街を想う時

 どこにいっても大抵はコンビニとマックと、そしてスタバとイオンがある。同じような分譲住宅やマンションが立ち並んでいる均質な街並み。それは機能的にデザインされたある種の合理性なのかもしれない。暮らしの豊かさとは、装飾が消えた平坦でモノクロームな街並み。


 先日、久しぶりに東京の私鉄列車に乗った。暮らしの中を行く私鉄列車の車窓は首都圏近郊のJR路線とは少し異なる。高架線路を走る列車の音が街を包んでいくその景色に、都市の息づかいを感じた。ぼくは街に近い私鉄列車の距離感が好きだ。

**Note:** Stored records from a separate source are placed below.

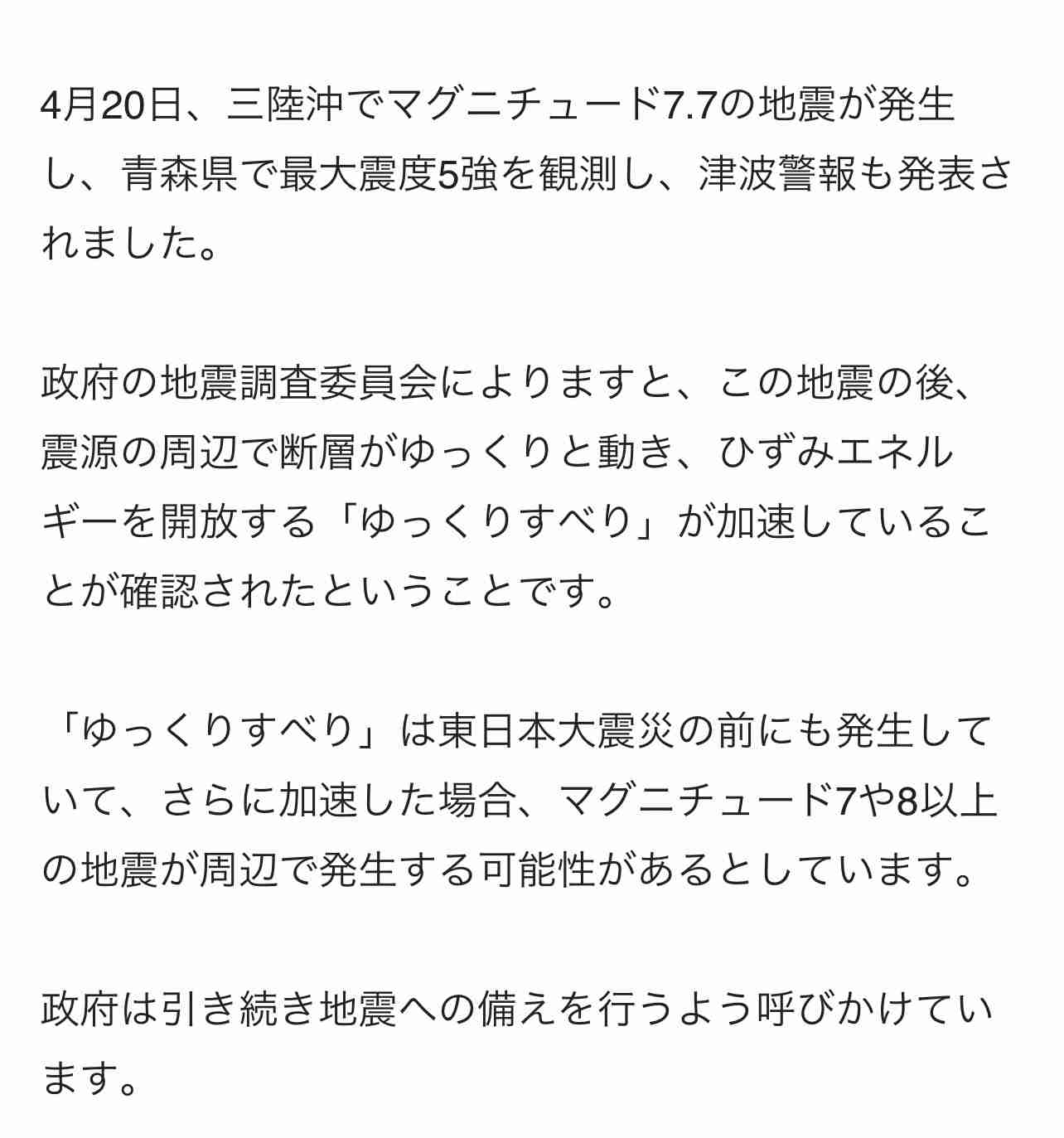 宮城県で最大震度5弱の地震　宮城県・北部、中部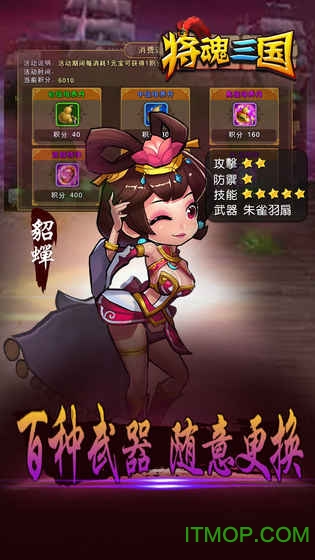 将魂三国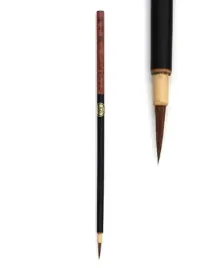 kuretake-cartoonist-menso-brush-fine-small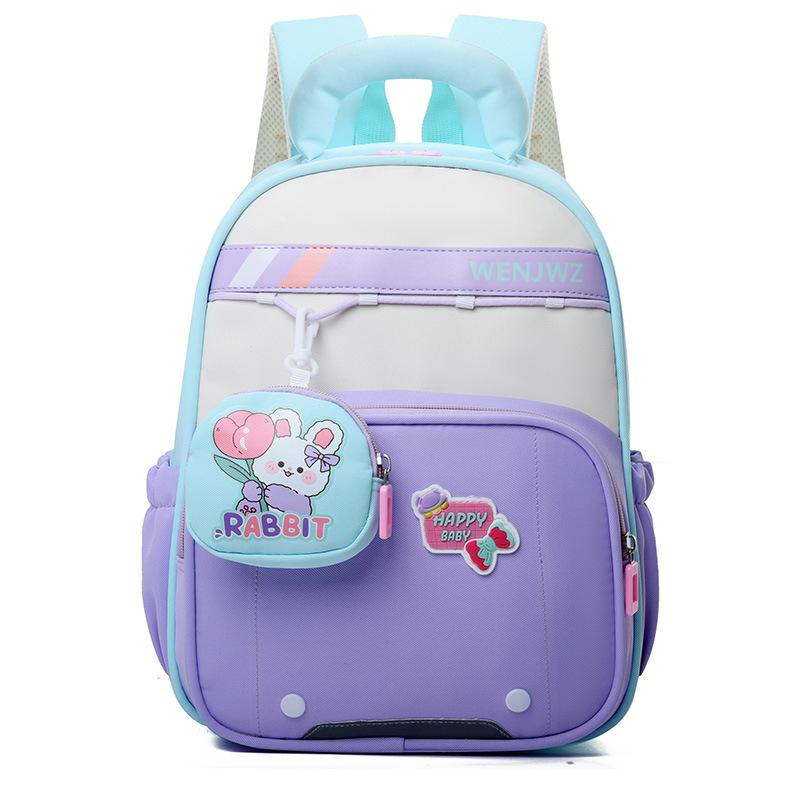 School BagsNew Children's  Cute Trend Backpack Casual Versatile Primary School Students First Grade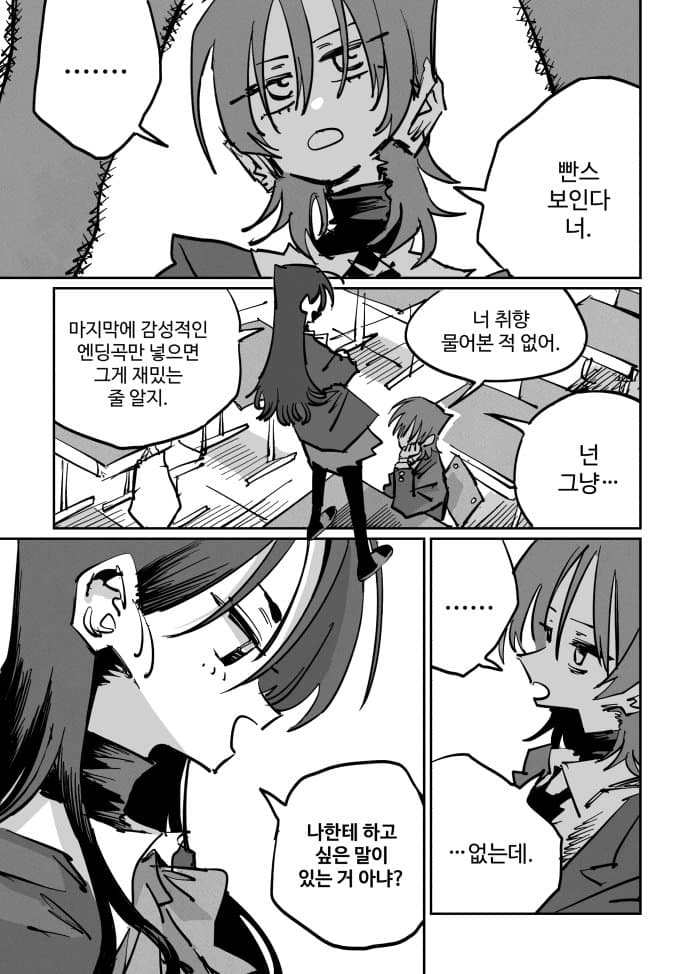 《나는 어제 고을이를 죽였다》 (16)
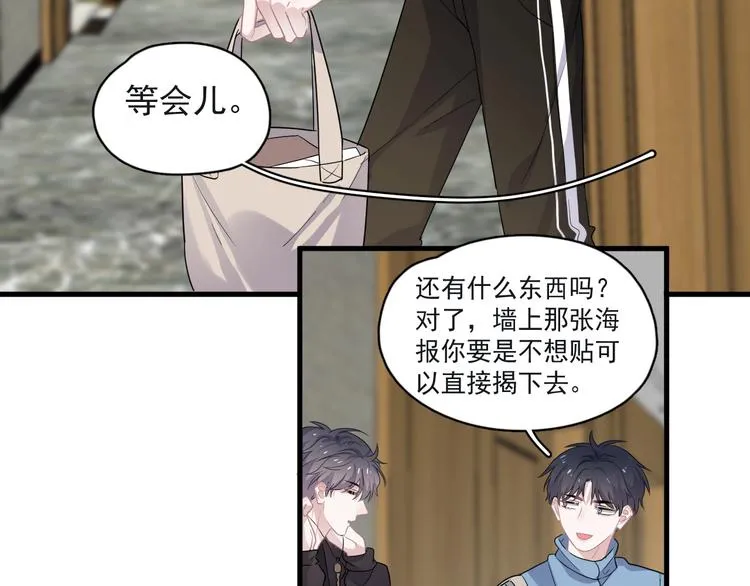 第18话 你笑起来蛮好看 第41页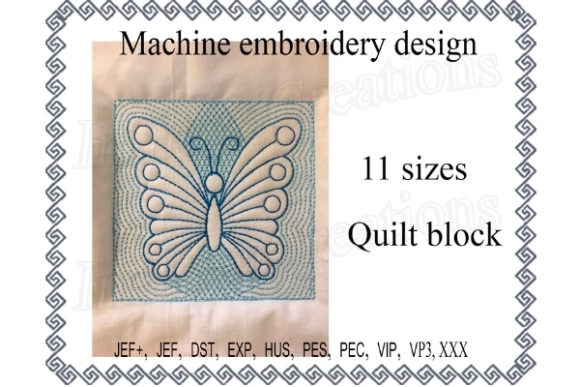 Quilt Block Butterfly: A Designer’s Craft Fair Review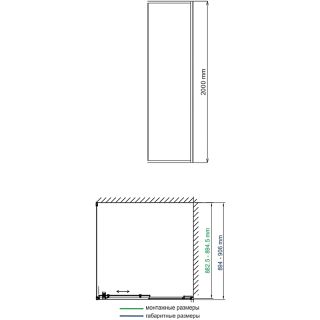 Душевая стенка WasserKRAFT Aula 11P10-RP100 профиль Белый стекло прозрачное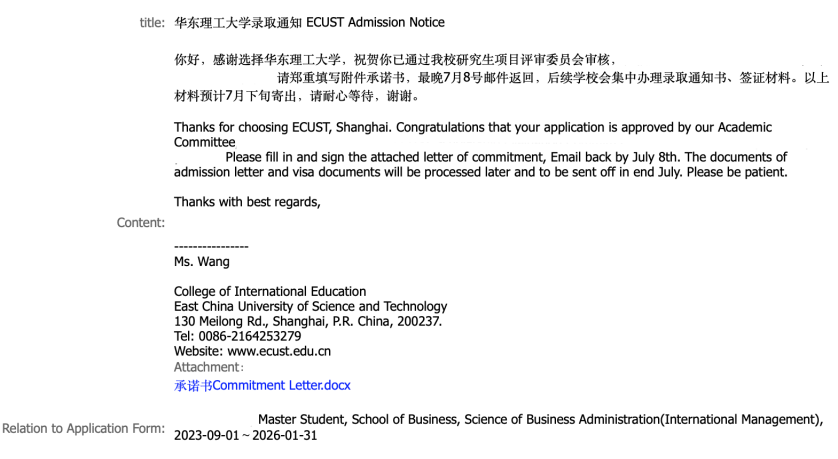 Поступление Алины С. в East China University of Science and Technology [магистратура] изображение 1
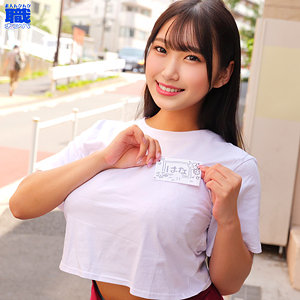 はなさん（素人ムクムク-職-）の出演女優は【姫咲はな】｜他の出演作も紹介  エロ画像59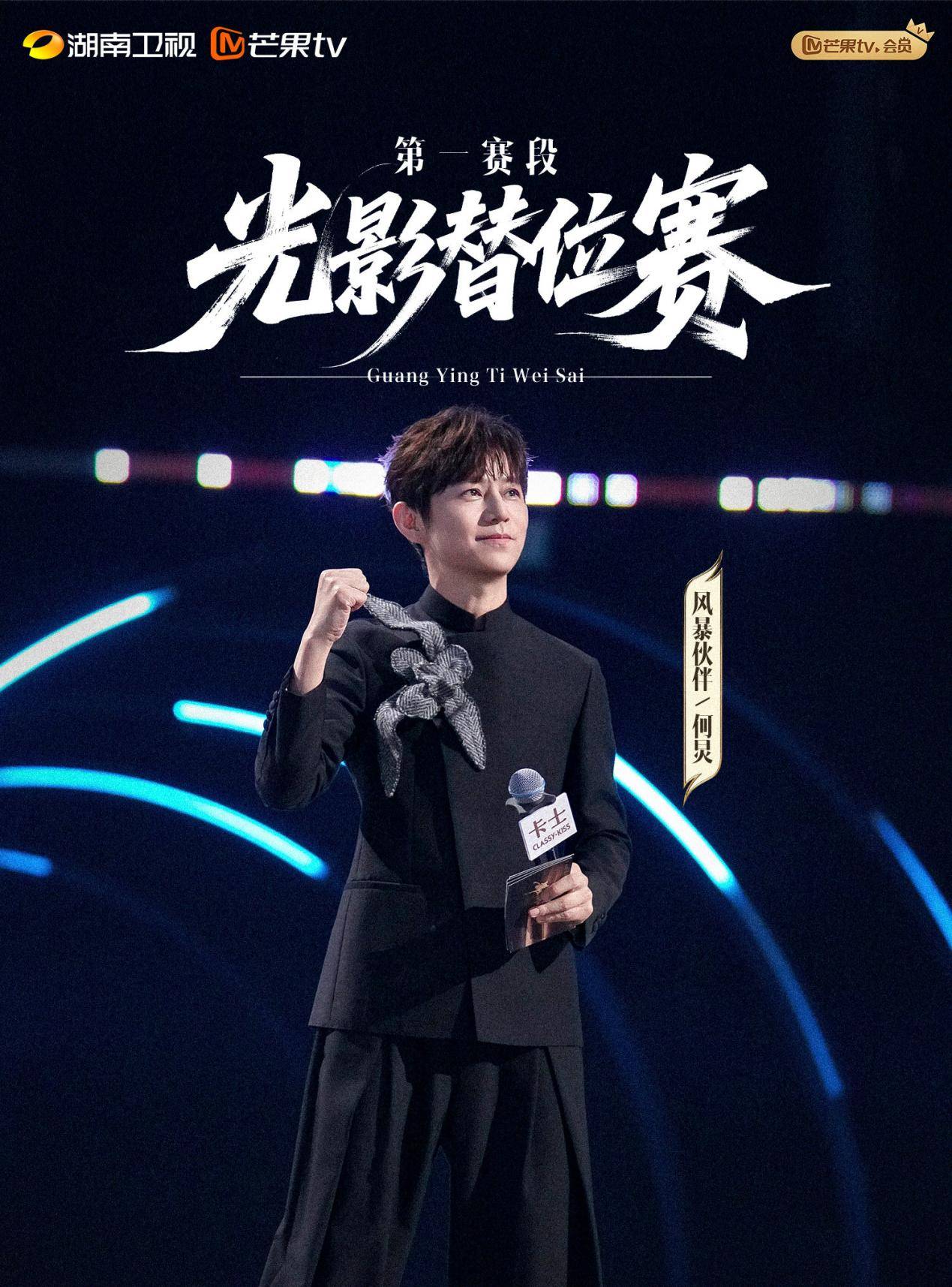 原创            《舞蹈新风暴》首播，不愧是高分综艺，适合大屏幕观看，顶级高端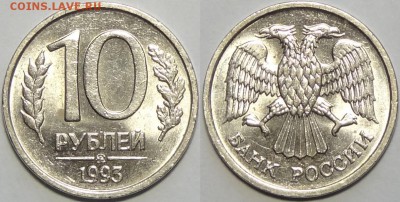 10 руб 1993 ММД немагнитные штемпельные до 28.02.17 в 22.00 - 10 руб 1993 ММД немагнитные  -150- 25.02.17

 駅前のスーパーも、なかなか開かない踏切も、乗客を待つ路線バスの姿も、家路を急ぐ人たちの影も、街を彩る全ての景色が生活そのもの。そこにある当たり前の暮らしは、想像以上に色鮮やかだった。


 一見すると何事もないと思える日常の中で、本当は様々な何かが起き続けている。大抵はそれに気づかないのだけれども、その中で何を拾うかは案外、重要な問題だったりする。


 駅前のメインストリート沿いに並ぶ茶色のベンチたち。そのうちの一つに腰かけてみる。足を組み、雑誌を眺める人。一休みする家族連れ。この後の予定で盛り上がる高校生たち。いろんな声が街の空気を彩ってゆく。


 瞳を閉じて街の音に耳をすます。一定間隔で駅に滑り込んでいく私鉄列車が時を刻んでいた。人間の五感の中に、時間を感じる感覚器官なんて存在しないはずなのに、そこに確かな時間の流れをイメージできるのはなぜだろう。


 時間にとって最大の謎は、それが流れているように思われること。ぼくたちは、本当は静止状態の物体なのだけれど、時間方向に光速で移動しているのかもしれない。


 大切な時間が過ぎ去って行かないように、時間を止めてと願う。でも、時間が止まってしまったら大切な時間を感じることができなくなってしまう。そんなジレンマを覚えつつ、過去を回想することもまた大切な時間なのだと知る。


 街に積み重なっていく時間はいつだって温かかった。